Driver vehicle inspection reports
Some methods of compliance are geared at ensuring the safety of drivers and everyone else on the road. Commercial motor vehicles that require the completion of a Driver Vehicle Inspection Report (DVIR) may find it difficult to keep track of the condition of their vehicle with every trip. This is especially true if it’s conducted on paper. The ELD Mandate now requires that any DVIR, which are required as part of operating a commercial vehicle, must now be done electronically and be available in the event of an inspection. The completion of the DVIR and any repairs needed as the result of a DVIR affords the fleet visibility to vehicle operating condition from the drivers that use the vehicle.
With a centralized compliance system, such as a dashboard for tracking the condition of the brakes, steering mechanism, tire, safety equipment and more — your drivers will be back on the road quickly. Through additional guidance on how to conduct the inspection, you’ll have more peace of mind that any inspections will pass with flying colors.
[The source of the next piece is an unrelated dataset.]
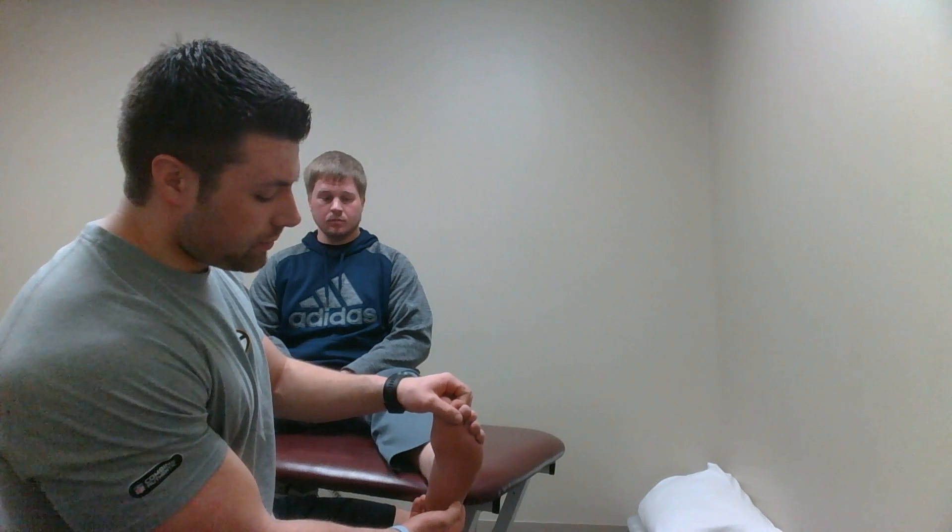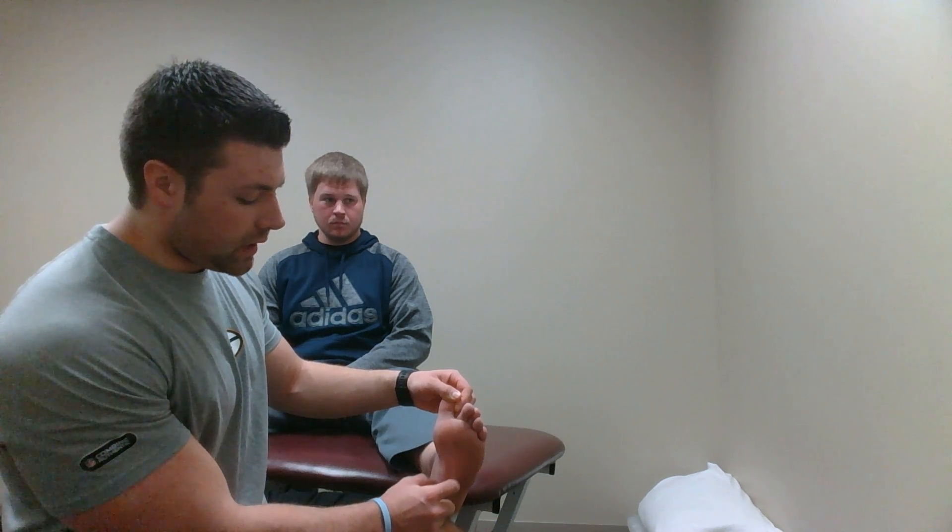This is a plantar fascia test of the foot. I'll have my patient start out by sitting on the table with his legs stretched out, sock off his foot. I'll first start out by extending his big toe, and what that's going to do is make the plantar fascia pop out at us.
This process is the easiest way to track DVIR along with your other compliance requirements — and thus avoid fines.
Accurate odometer data or personal use reporting
Fleet connectivity devices remove the hassle of reporting personal use miles to ensure proper driver tax compliance. With GPS tracking associated to the time of day or the user, it’s easy to determine who’s behind the wheel and how many miles/kilometers they’ve accrued on the vehicle. If your fleet policy has certain limitations regarding when and where employees and their designated users can operate the vehicle, those parameters can be notated on the app. This allows or alerts to be sent to the driver or the fleet office to inform everyone when they’re in danger of falling outside of compliance.